* TASK DIRECTIONS: Please retype the data in full and exactly; the pictures are not part of the copy.

* COLLECTED MATERIAL:

= Beginning of Section =

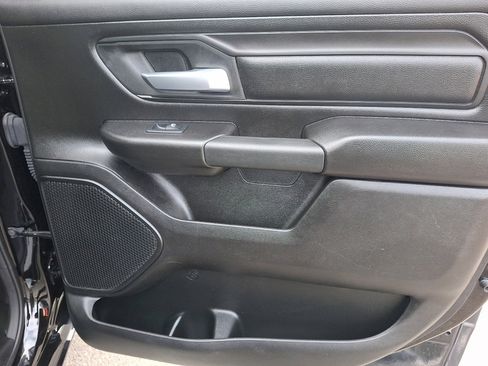 Used 2023 RAM 1500 Tradesman w/ Warlock PACKAGE image 14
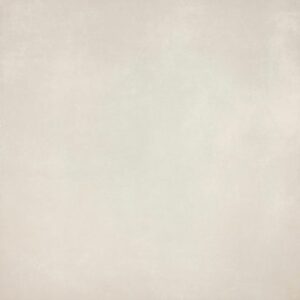 4289375088856934826661191021338154098042839467124033288453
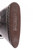Gorgeous, Engraved Greifelt & Co Drilling Rifle - 16 Gauge & 7x65mm - photo 8 of 27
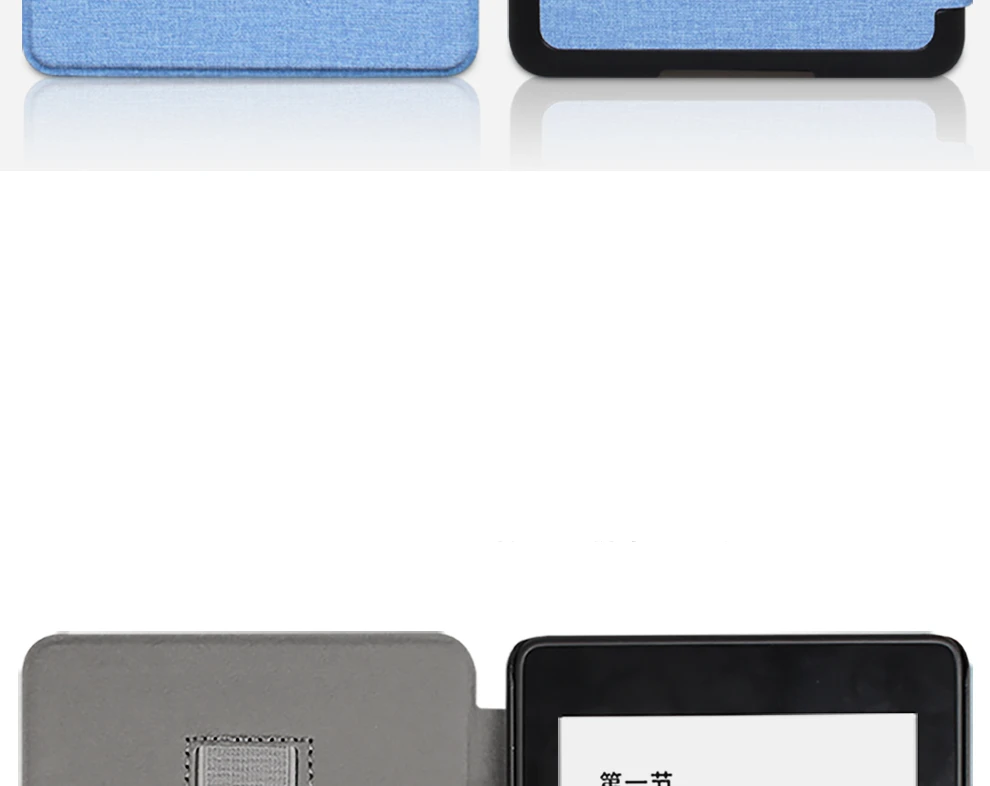 Cheap Estojo p tablets e e-books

= End of Section =

* EXERCISE OUTPUT:
 Used 2023 RAM 1500 Tradesman w/ Warlock PACKAGE image 14
 4289375088856934826661191021338154098042839467124033288453
Gorgeous, Engraved Greifelt & Co Drilling Rifle - 16 Gauge & 7x65mm - photo 8 of 27
 Cheap Estojo p tablets e e-books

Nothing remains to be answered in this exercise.